(Short descriptive text snippets)
--*--

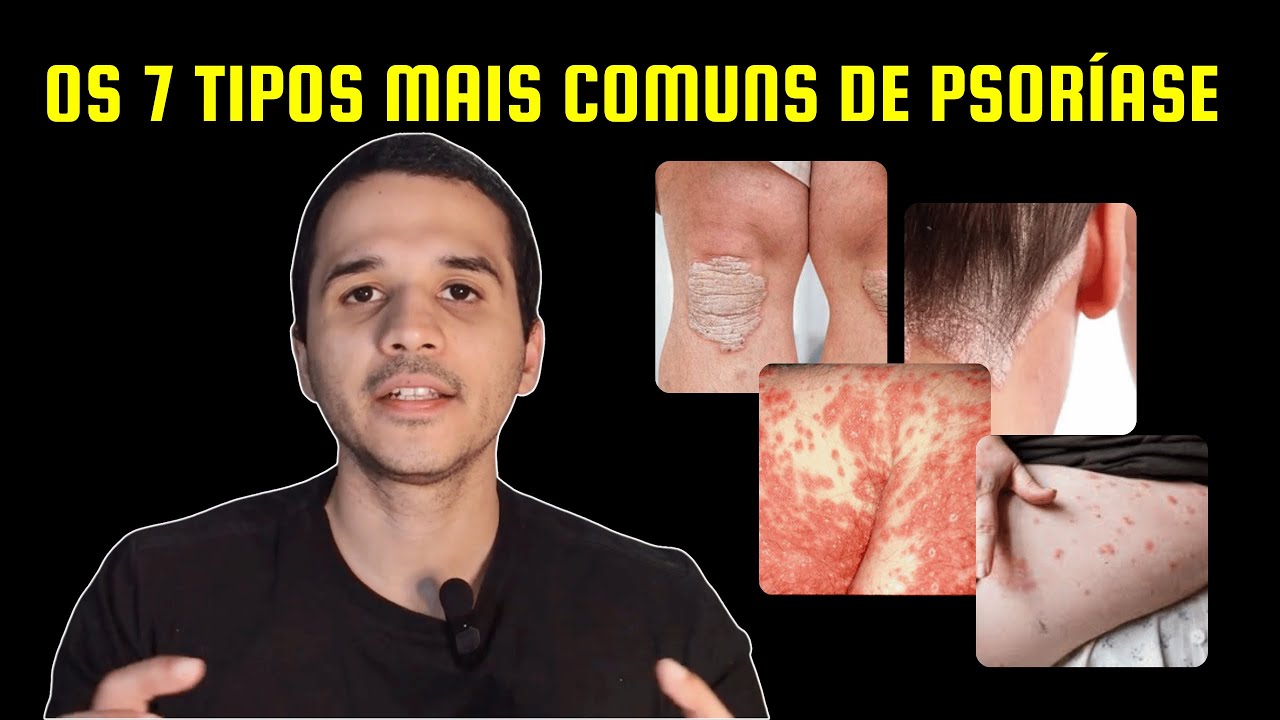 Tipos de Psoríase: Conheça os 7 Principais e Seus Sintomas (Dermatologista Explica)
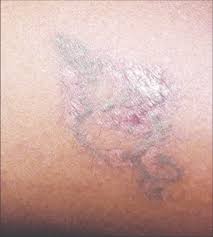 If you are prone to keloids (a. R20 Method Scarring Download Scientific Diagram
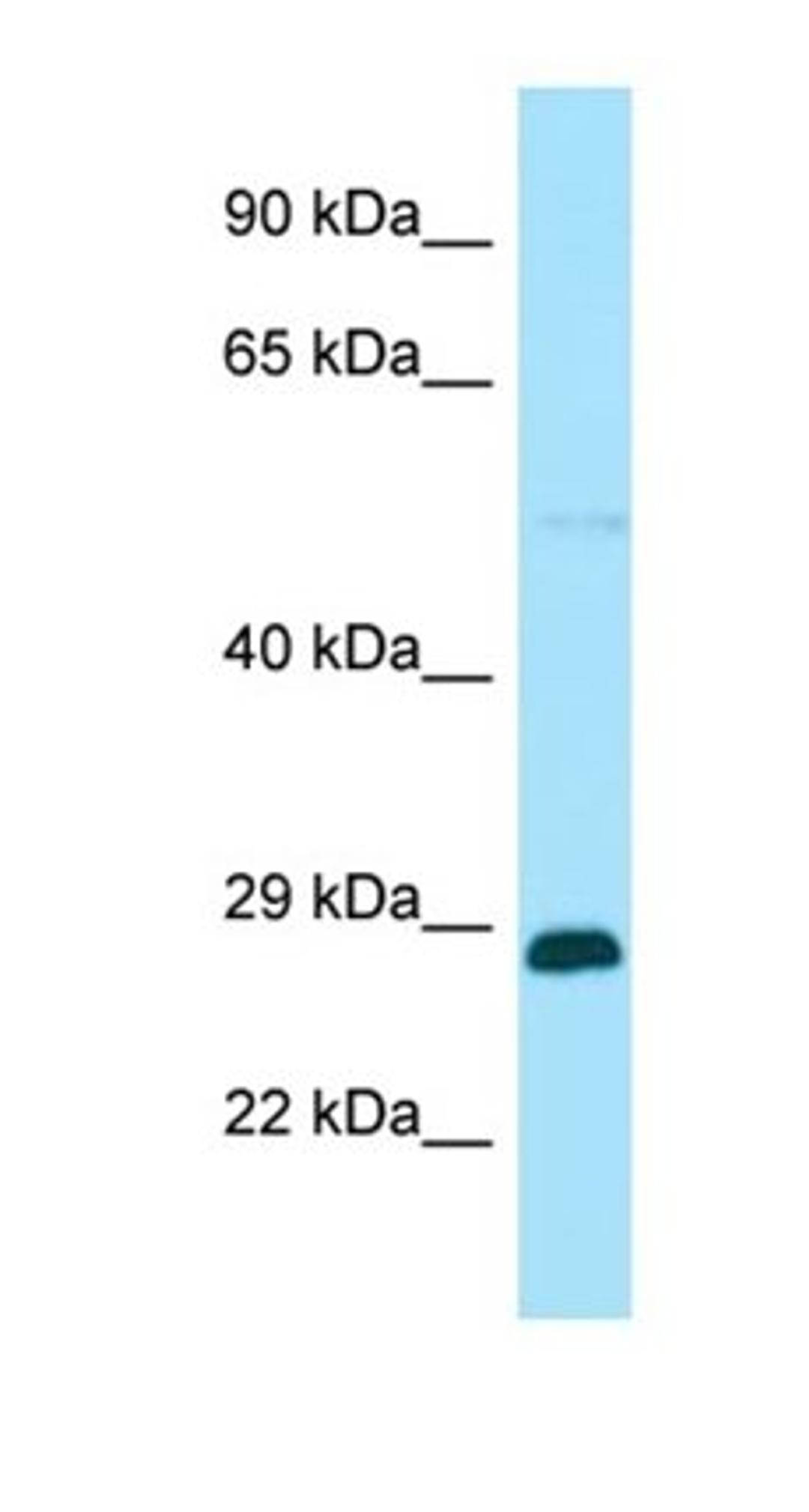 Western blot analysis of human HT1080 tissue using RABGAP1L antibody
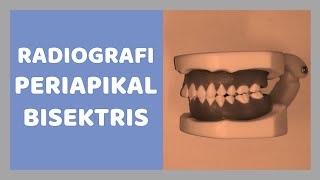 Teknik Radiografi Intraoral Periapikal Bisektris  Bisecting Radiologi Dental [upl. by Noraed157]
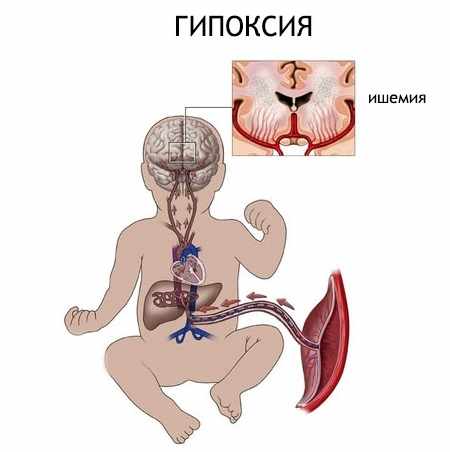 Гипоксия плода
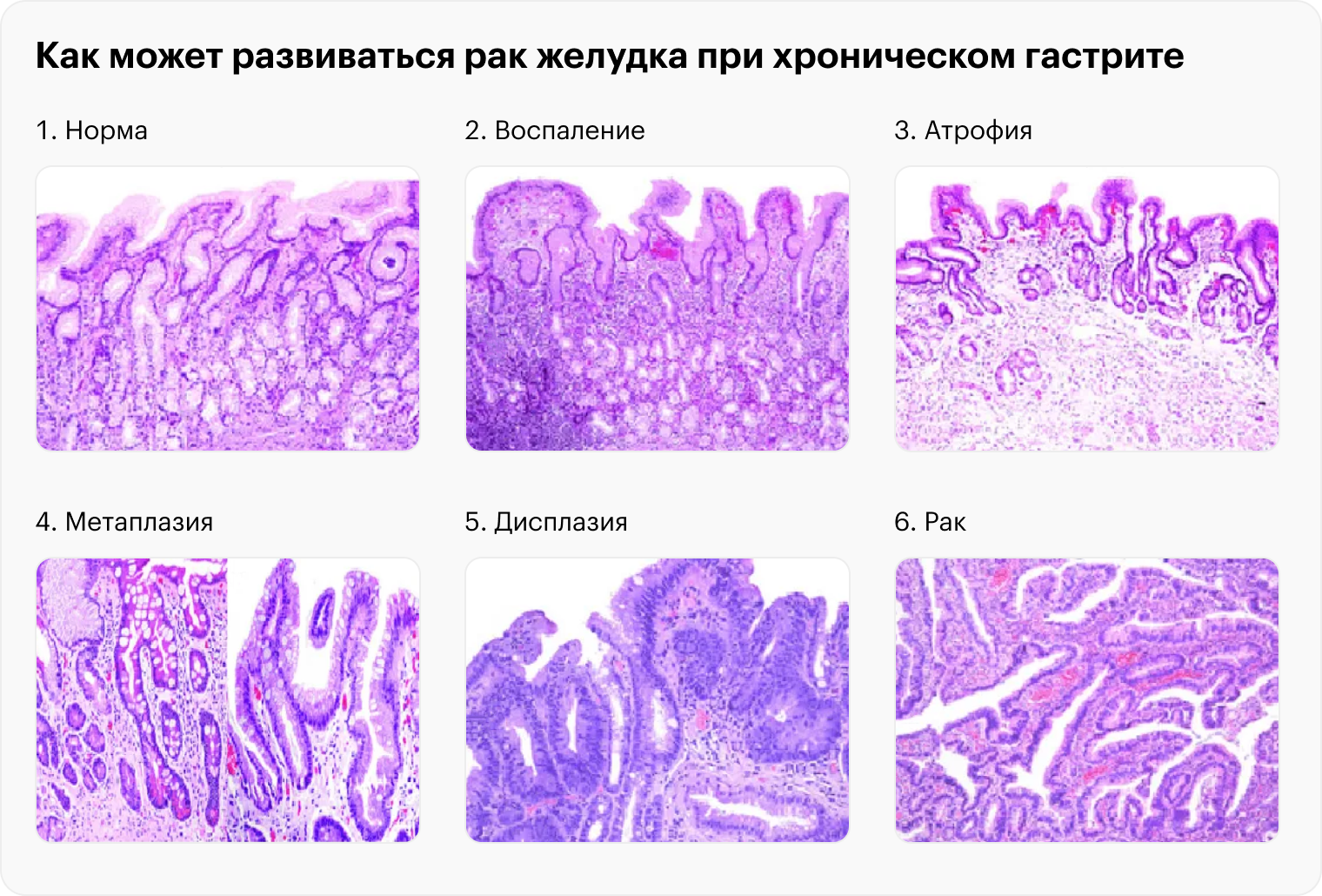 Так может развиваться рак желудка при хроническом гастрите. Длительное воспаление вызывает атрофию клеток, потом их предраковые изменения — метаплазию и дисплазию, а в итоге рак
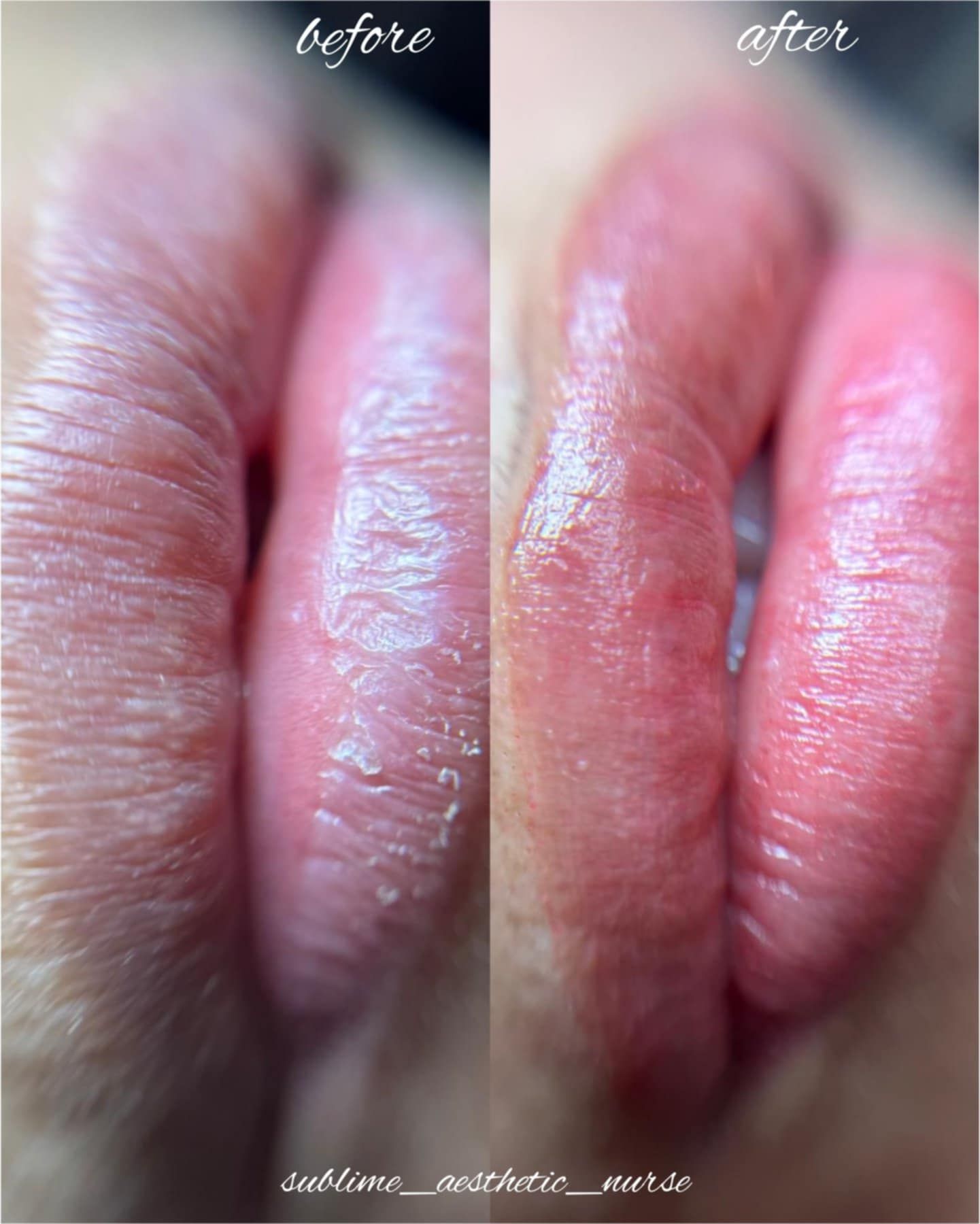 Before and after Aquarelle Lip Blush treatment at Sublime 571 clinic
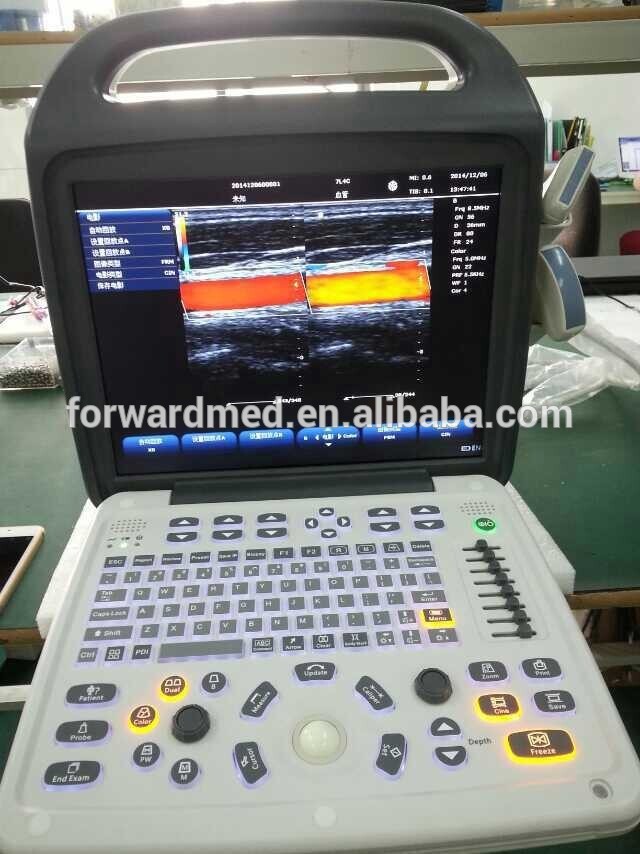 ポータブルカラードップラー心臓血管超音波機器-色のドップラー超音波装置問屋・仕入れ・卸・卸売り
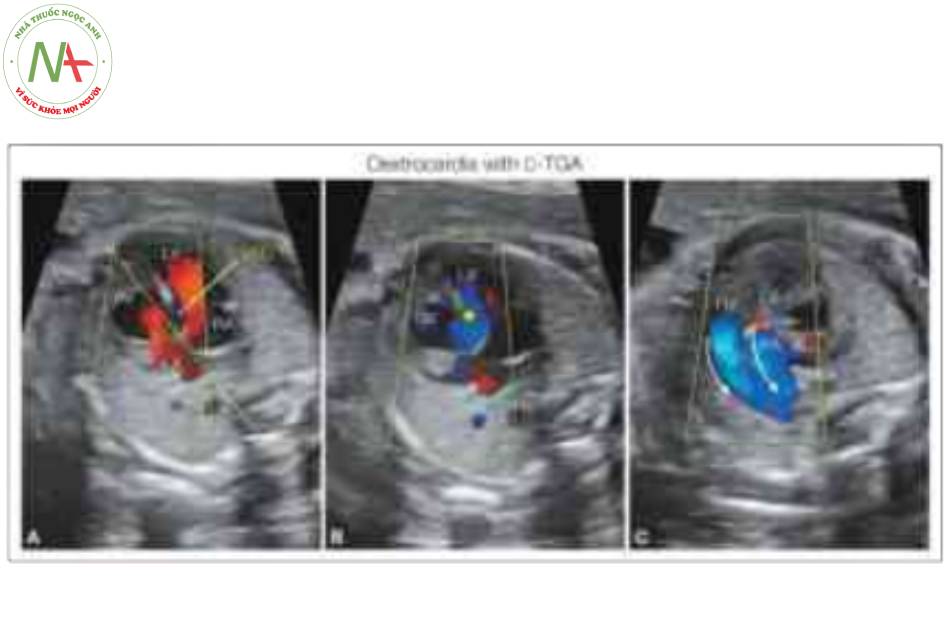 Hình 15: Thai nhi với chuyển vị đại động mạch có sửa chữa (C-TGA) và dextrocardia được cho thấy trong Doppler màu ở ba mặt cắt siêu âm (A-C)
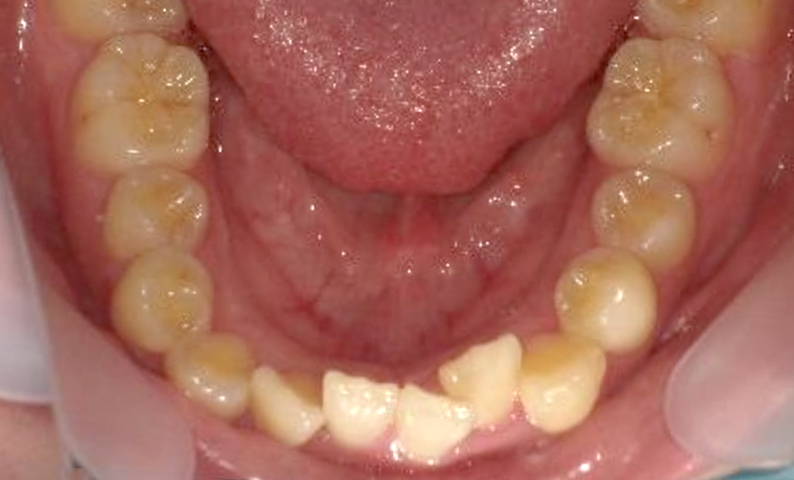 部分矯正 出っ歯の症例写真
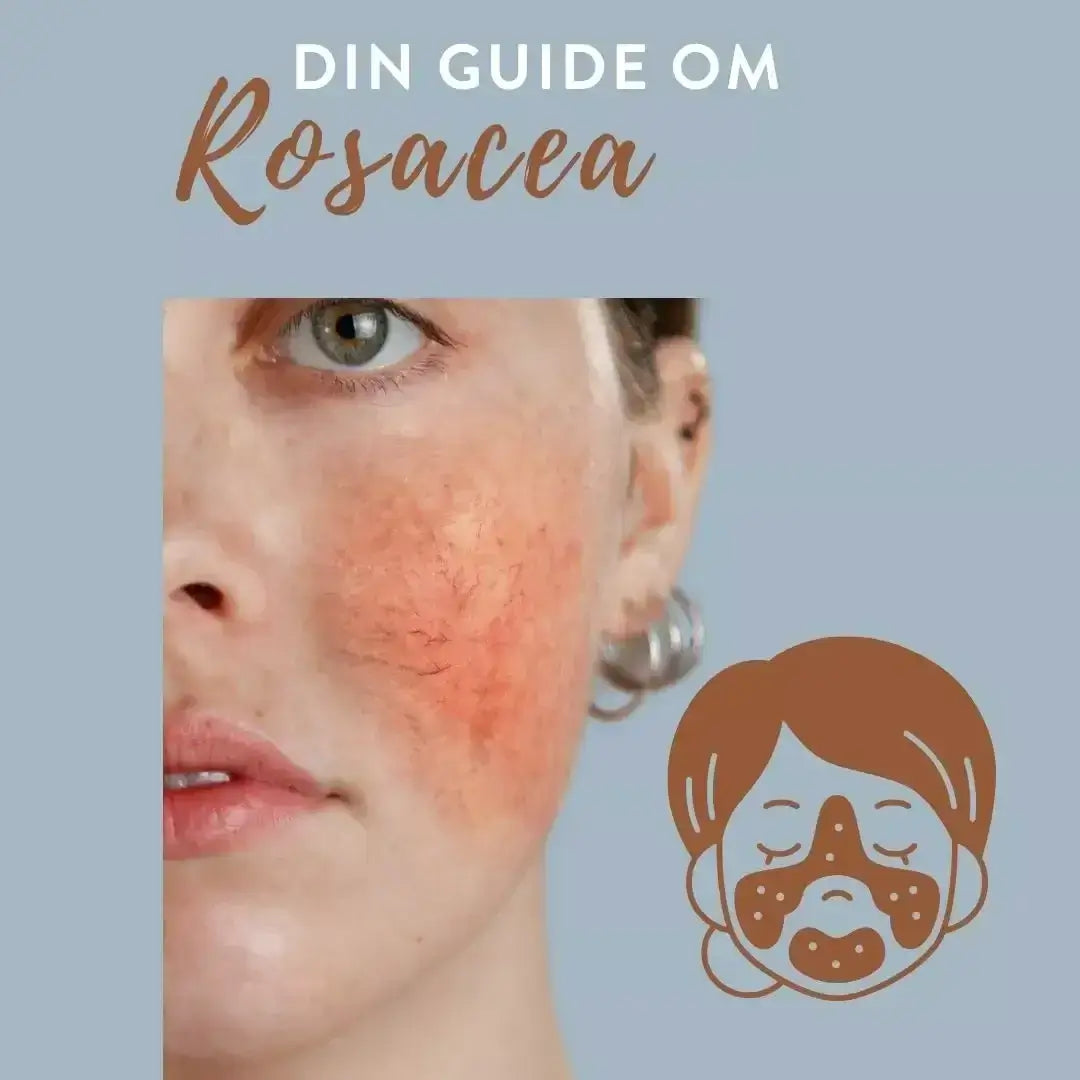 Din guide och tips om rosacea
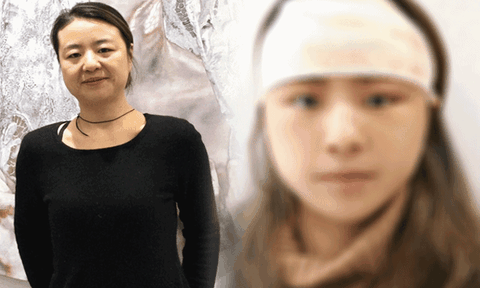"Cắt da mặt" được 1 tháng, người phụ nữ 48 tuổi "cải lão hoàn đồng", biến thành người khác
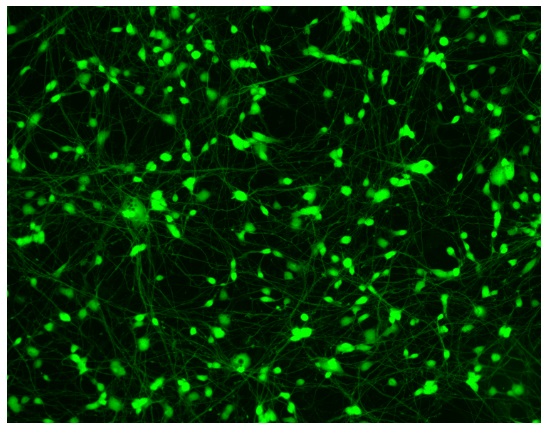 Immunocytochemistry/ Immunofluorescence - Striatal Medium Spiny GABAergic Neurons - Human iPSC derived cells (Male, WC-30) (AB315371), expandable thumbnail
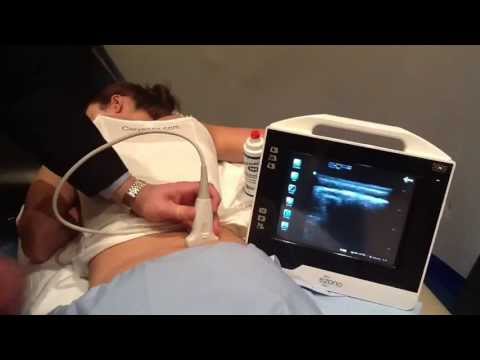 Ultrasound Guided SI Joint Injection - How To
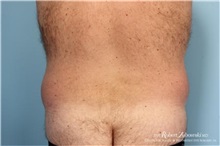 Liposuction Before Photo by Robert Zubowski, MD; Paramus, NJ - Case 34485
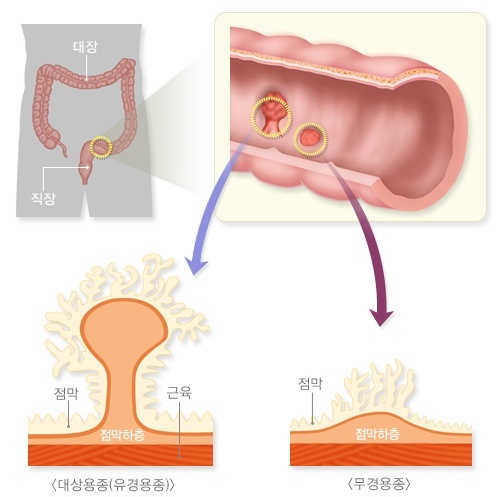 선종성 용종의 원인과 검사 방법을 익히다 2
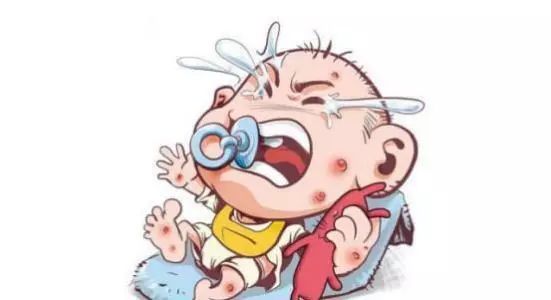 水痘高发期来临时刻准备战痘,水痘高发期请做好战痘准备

--*--

--- WHAT THIS TASK INVOLVES ---
The records shown above are to be repeated exactly, with the pictures left out.

--- REPLY ---
 Tipos de Psoríase: Conheça os 7 Principais e Seus Sintomas (Dermatologista Explica)
 If you are prone to keloids (a. R20 Method Scarring Download Scientific Diagram
 Western blot analysis of human HT1080 tissue using RABGAP1L antibody
 Teknik Radiografi Intraoral Periapikal Bisektris  Bisecting Radiologi Dental [upl. by Noraed157]
 Гипоксия плода
 Так может развиваться рак желудка при хроническом гастрите. Длительное воспаление вызывает атрофию клеток, потом их предраковые изменения — метаплазию и дисплазию, а в итоге рак
 Before and after Aquarelle Lip Blush treatment at Sublime 571 clinic
 ポータブルカラードップラー心臓血管超音波機器-色のドップラー超音波装置問屋・仕入れ・卸・卸売り
 Hình 15: Thai nhi với chuyển vị đại động mạch có sửa chữa (C-TGA) và dextrocardia được cho thấy trong Doppler màu ở ba mặt cắt siêu âm (A-C)
 部分矯正 出っ歯の症例写真
 Din guide och tips om rosacea
"Cắt da mặt" được 1 tháng, người phụ nữ 48 tuổi "cải lão hoàn đồng", biến thành người khác
 Immunocytochemistry/ Immunofluorescence - Striatal Medium Spiny GABAergic Neurons - Human iPSC derived cells (Male, WC-30) (AB315371), expandable thumbnail
 Ultrasound Guided SI Joint Injection - How To
 Liposuction Before Photo by Robert Zubowski, MD; Paramus, NJ - Case 34485
 선종성 용종의 원인과 검사 방법을 익히다 2
 水痘高发期来临时刻准备战痘,水痘高发期请做好战痘准备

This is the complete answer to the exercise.